In typical Chicago fashion in the days of Richard J. Daley, the last of the big city machine mayors, I knew a guy who knew a guy and I got the job. The traffic court wanted the project to remain a secret because a fair number of parking violators, not knowing there would be no follow-up, paid their fines by mail. I wanted the project to remain a secret because I figured my seventeen-year-old self would be an easy target if any disgruntled ticket recipient found out who I was.

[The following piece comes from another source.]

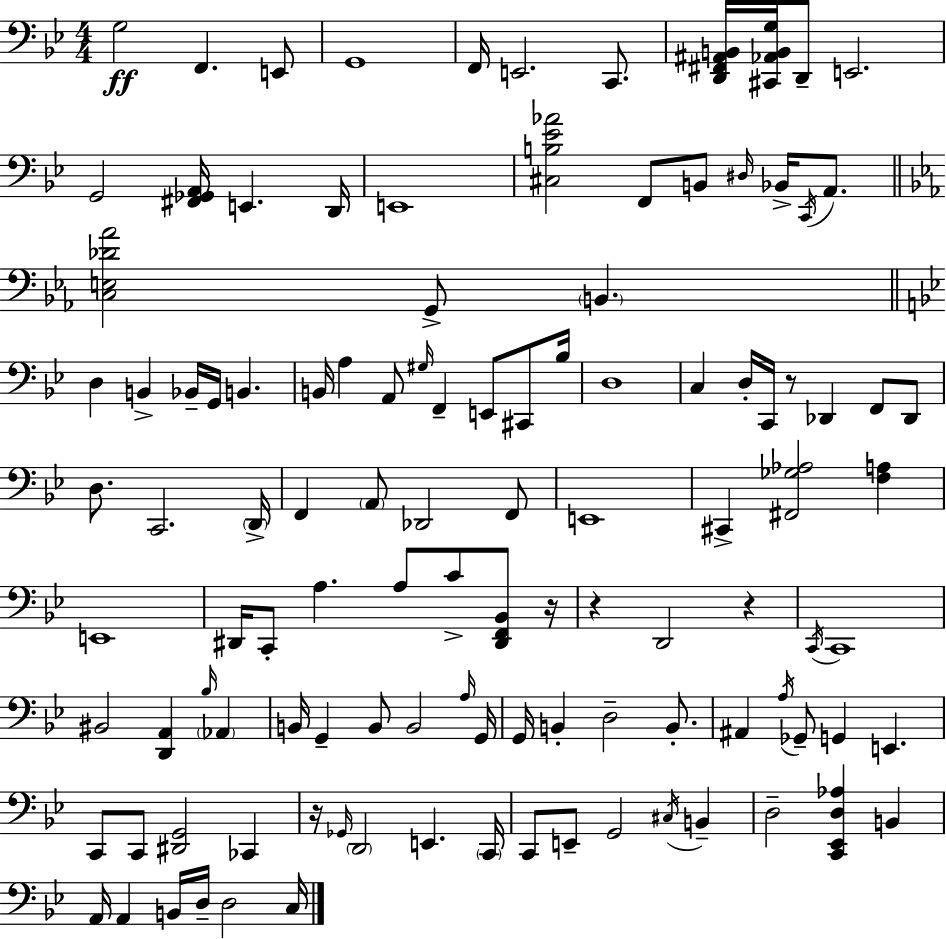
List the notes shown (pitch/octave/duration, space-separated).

G3/h F2/q. E2/e G2/w F2/s E2/h. C2/e. [D2,F#2,A#2,B2]/s [C#2,Ab2,B2,G3]/s D2/e E2/h. G2/h [F#2,Gb2,A2]/s E2/q. D2/s E2/w [C#3,B3,Eb4,Ab4]/h F2/e B2/e D#3/s Bb2/s C2/s A2/e. [C3,E3,Db4,Ab4]/h G2/e B2/q. D3/q B2/q Bb2/s G2/s B2/q. B2/s A3/q A2/e G#3/s F2/q E2/e C#2/e Bb3/s D3/w C3/q D3/s C2/s R/e Db2/q F2/e Db2/e D3/e. C2/h. D2/s F2/q A2/e Db2/h F2/e E2/w C#2/q [F#2,Gb3,Ab3]/h [F3,A3]/q E2/w D#2/s C2/e A3/q. A3/e C4/e [D#2,F2,Bb2]/e R/s R/q D2/h R/q C2/s C2/w BIS2/h [D2,A2]/q Bb3/s Ab2/q B2/s G2/q B2/e B2/h A3/s G2/s G2/s B2/q D3/h B2/e. A#2/q A3/s Gb2/e G2/q E2/q. C2/e C2/e [D#2,G2]/h CES2/q R/s Gb2/s D2/h E2/q. C2/s C2/e E2/e G2/h C#3/s B2/q D3/h [C2,Eb2,D3,Ab3]/q B2/q A2/s A2/q B2/s D3/s D3/h C3/s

The traffic court building was downtown, which meant every day I commuted from our south side apartment to the center of the city by train. That brought me right through, under really, Grant Park. It was in Grant Park that what was later described in the Walker Report, officially known as “Rights in Conflict” and named after Illinois Attorney Daniel Walker, who later became Governor of Illinois, as a “police riot” occurred. Twice a day I had a bird’s eye view.

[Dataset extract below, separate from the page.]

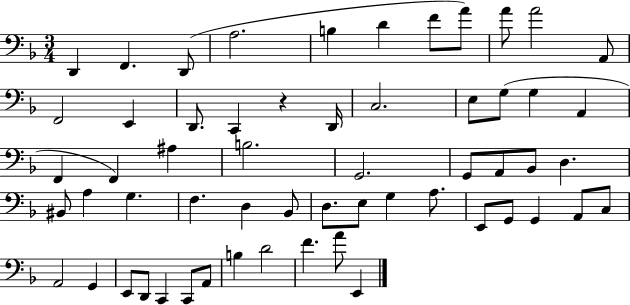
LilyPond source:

For more than a year there had been protests, demonstrations, and riots throughout the nation. The protestors were primarily young people objecting to the war in Vietnam. Young men in those days were subject to a draft and conscripted involuntarily into military service. Approximately 58,220 U.S. military personnel lost their lives.

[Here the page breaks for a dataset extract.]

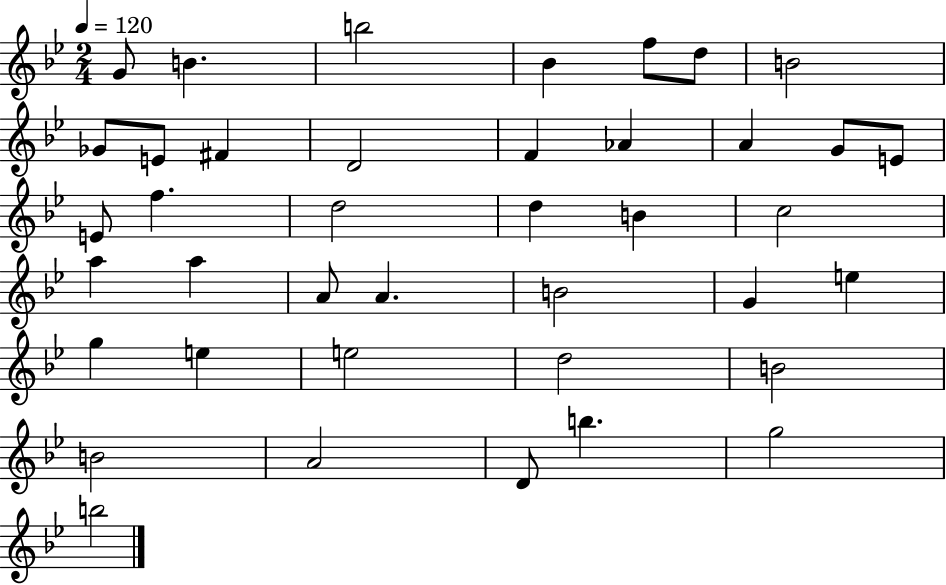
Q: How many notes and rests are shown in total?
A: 40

The incumbent President, Democrat Lyndon Johnson, had decided not to seek election to a second term. That did not deter as many as fifteen thousand protestors from coming to Chicago in 1968 to stage protests at the Democratic National Convention. Many of them pitched tents in Grant Park. And there they were confronted by twice as many Chicago Police, National Guard and regular Army troops.
The events of 1968 are well documented. Suffice it to say it was a scary time in Chicago and throughout the nation. Especially if you were seventeen years old. The DNC came back to Chicago in 1996. It has not returned until now. It is tempting to draw parallels between 1968 and today. There are some, but there are also major differences.
There is once again debate in the country about American involvement in a foreign war. Today it is about Gaza. But America’s young men are not, for the most part, on the firing line. America’s involvement is mostly financial and diplomatic. The exception is the Navy and Air Force, which are proving military support in defense of Israel.
There have been vocal protests on some college campuses by Gaza war protestors. In addition, millions of Americans maintain a false belief that the 2020 presidential election was stolen. Advocates of both groups are expected to descend on Chicago during the convention. Security forces estimate the number of demonstrators will be larger than those present in 1968. There are questions as to who is organizing and funding these protestors. One pro-Palestinian activist, Deanna Othman, even telling the Washington Post it will be seen “as the equivalent of the 1968 DNC in Chicago.”
The Democratic 1968 nominee, Hubert Humphrey, was the vice president and a loyal supporter of Johnson’s Vietnam policy. Kamala Harris, today’s vice president and Democratic nominee, is in a similar position with regard to President Joe Biden’s Gaza policies. And Biden has decided not to seek a second term in office, providing the opportunity for Harris to step in.
While there were few counter protestors in 1968, this year may see a significant number turn out in opposition to the pro-Palestinians. That is because the Republican nominee not only opposes their cause, but he also argues that the Democrats are on their side! “Actually, Israel is the one [that wants to keep going],” Donald Trump told supporters, “And you should let them go and let them finish the job. He [Biden] doesn’t want to do it. He’s become like a Palestinian, but they don’t like him because he’s a very bad Palestinian. He’s a weak one.” Trump has also declared that he will refuse to allow refugees from Gaza into the United States if he is elected to a second term.
So, if you riot at the 2024 convention and damage Harris, it could lead to a second Trump administration. That would be a horror for the Palestinians, and a blessing for Israeli Prime Minister Benjamin Netanyahu.
I would have thought the Democrats would schedule their convention in a swing state. Illinois is believed to be solid blue. I just hope they get in and out and leave my beautiful Chicago in one piece.